Kelly did not mention that, according to Becton, she was in the process of complying with Casebolt’s order when he violently took her down after being called to the scene of a pool party.
“He told me to keep walking, and we were walking and I guess he thought we were saying rude stuff to him,” Becton told KDFW-TV.
Watch it below, from the June 8 The Kelly File, via Fox News and Media Matters.
UPDATE: It turns out Sean has an arrest record for aggravated assault with a deadly weapon. And worse.
Bet she would’ve been on top of things if the escapees were Blacks.

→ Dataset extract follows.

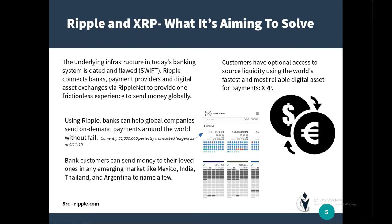Bank customers can send money to loved ones in any emerging market like Mexico, India, Thailand, and Argentina, just to name a few. Customers have optional access to source liquidity using the world's fastest and most reliable digital asset for payments, XRP. XRP is aiming to solve the world's liquidity crisis by providing an instant means of exchange for global currencies.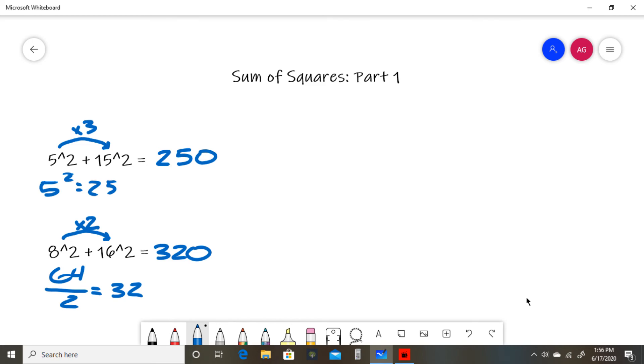And that does it for part 1 of the sum of squares. Now that you have an idea of how to do this kind of question, I have provided a problem set in the description for you to try.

FoxNoise: We’re a bunch of privileged white assholes who decide when white cops are being unfairly targeted for beating up half-naked Black girls.
(On a side note: When the story first broke and I saw what the girl was wearing, I had to ask myself what the cop’s problem was. Did he really think she had some sort of concealed weapon that she was going to pull on him? That the episode of “Married with Children” where Bud’s making an exercise video that’s been financed by some mobsters was real? At the end of the episode, it turns out that the back-up exercise girls—who are basically wearing nothing more than bikinis—are actually Federal agents and they’ve all pulled out some big guns on the mobsters. Bud’s only question is where did they hide the guns because he’d “thoroughly” checked them out—at which point, he’s also arrested, presumably for his overzealous body checking.)